Tuesday, July 12, 2005

The Village Goat

It's remarkable what a small world the internet really is. Really. Here we all are, going along, believing that our conversations here are going on essentially unnoticed by the larger community, only to be reminded from time to time that blogs are actually a very public forum for the expression of personal opinion. If I had to guess, for example, I would say that the readership of The Hunt is probably somewhere under ten people, and that's being generous. Maybe, when G-Money and I start rapping about Our Generation, the readership goes up to fifteen or so because of interlinked entries and such, but that's probably it.

This morning, however, Mme. Flamingo (who, for the record, is my wife) threw up a post about stay-at-home-mothers. The Madame, like myself, believed that her readership was entirely limited to people she knows. Apparently, she was wrong.
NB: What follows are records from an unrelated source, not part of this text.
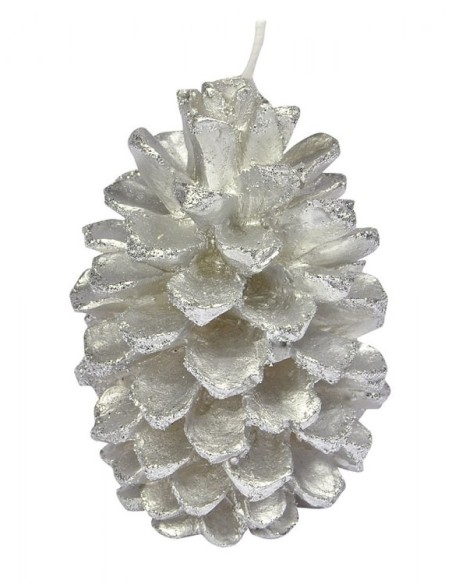 Candela cera pigna argentata glitterata Cm. 10x7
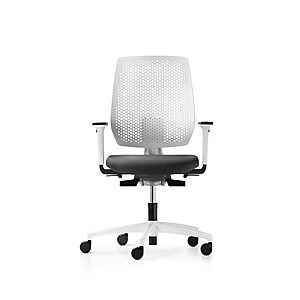 Fauteuil de bureau ergonomique Speed-O - dossier résille et piètement coloris Blanc - assise coloris Noir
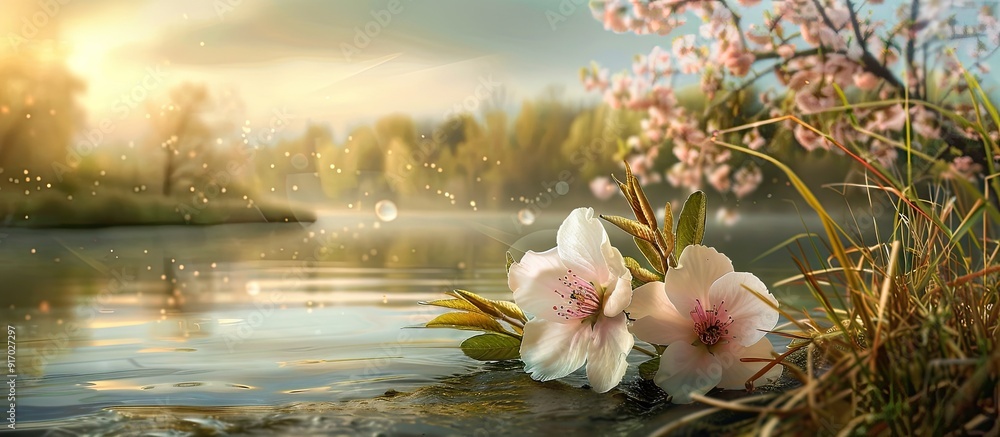 Aufkleber a pair of delicate blossoms nestled beside a tranquil riverbank against a backdrop of a scenic lands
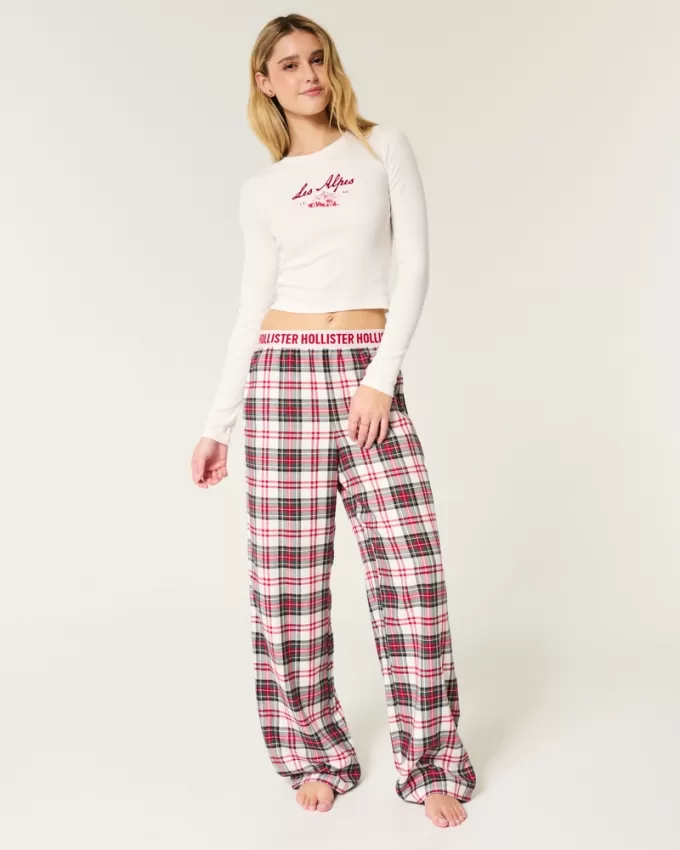 Long-Sleeve Graphic Tee & Flannel Pajama Pants Set,Long-Sleeve Graphic Tee & Flannel Pajama Pants Set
If you check that link out and read the somewhat-anonymous response she got from somebody named Lex who thinks Mme. Flamingo is a single woman from
Michigan, you'll see what I mean. And then, you can read all about how Lex found Mme. Flamingo's blog, what she thought about it, and how she rationalizes unleashing a shitstorm against The Madame's point of view as though the original column was a personal attack.
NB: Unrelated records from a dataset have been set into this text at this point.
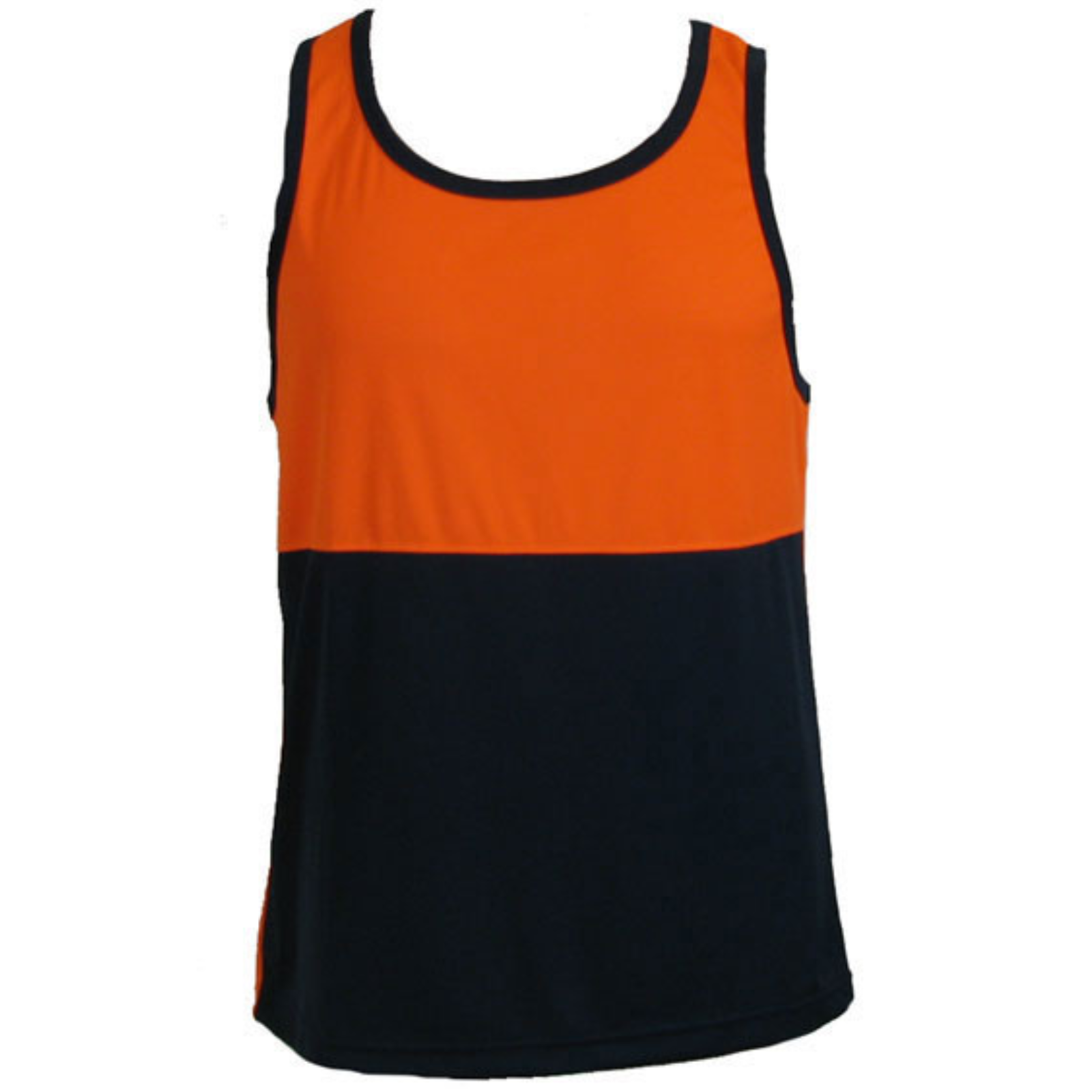 V563-BR-SINGLET-ORNG-XL-202508290230-00 Hi Vis SINGLET Work Wear Safety Tank Top Fluro Micro Mesh UPF50+ High Visibility - Orange - X-Large - Image 1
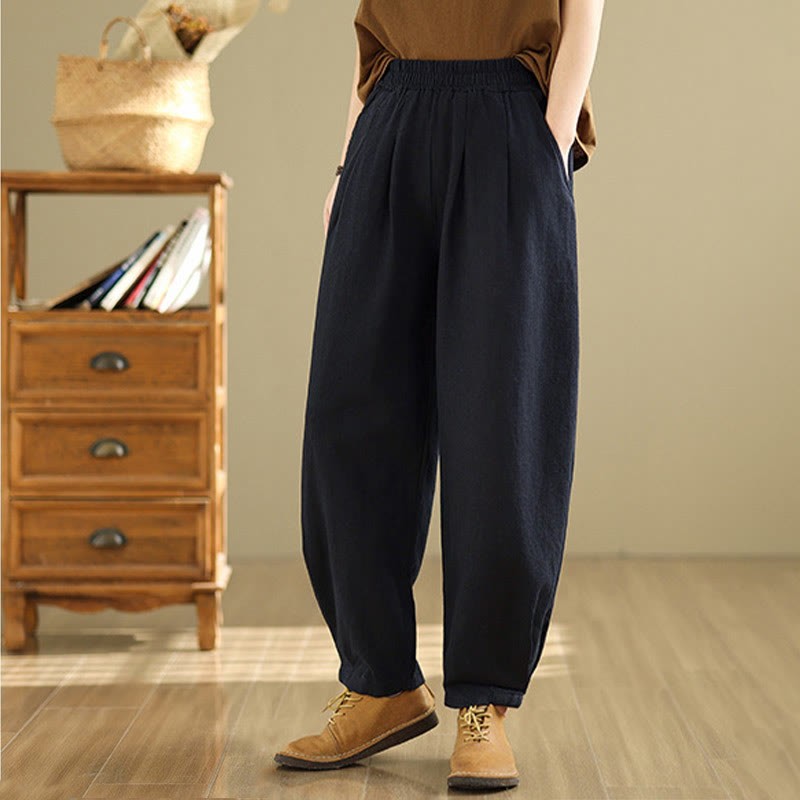 Casual Solid Color Tapered Elastic Waistband Cotton Linen Women's Pants With Pockets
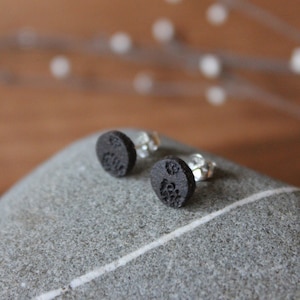 Round matte black sandstone earrings, ceramic studs for men or women I 925 silver stud earrings image 1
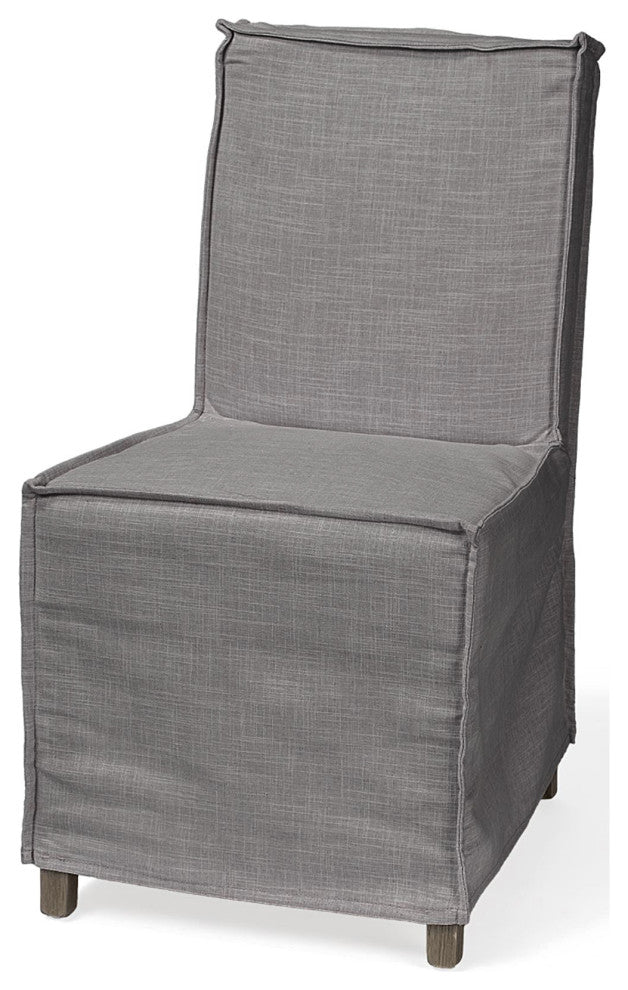 Set Of Two Gray And Brown Slipcovered Wood Parsons Chairs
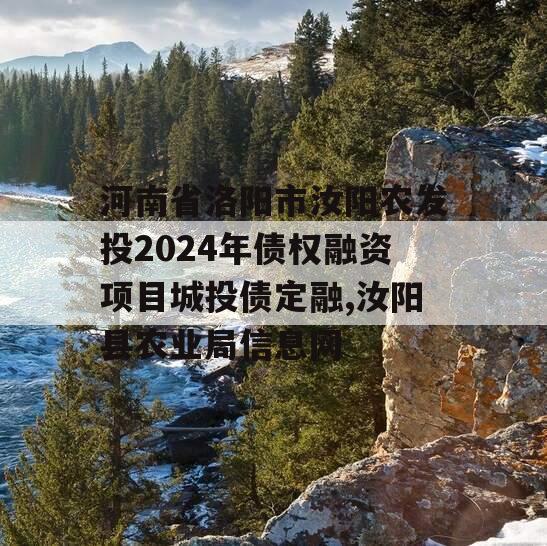河南省洛阳市汝阳农发投2024年债权融资项目城投债定融,汝阳县农业局信息网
Now, I choose not to enter into this particular Hungarian Gang-Bang -- I won't even hypothesize about the kind of person who accuses others of being poor writers but who neglect to capitalize the personal pronoun... oops -- but I will say that even though we think nobody is paying attention to what we write, they may be just the same. This even gets back to The Kat's at-work issue (which I wrote about last time). The internet is indeed a global village.

But think about this: if the internet is a village, and if it takes a village to raise a child, then can we also assume that any village that raises a child should include frequent and scintillating mpegs of girl-on-girl-on-goat action? The harder-core the better? Now that's my kind of village. Flame on, flamers.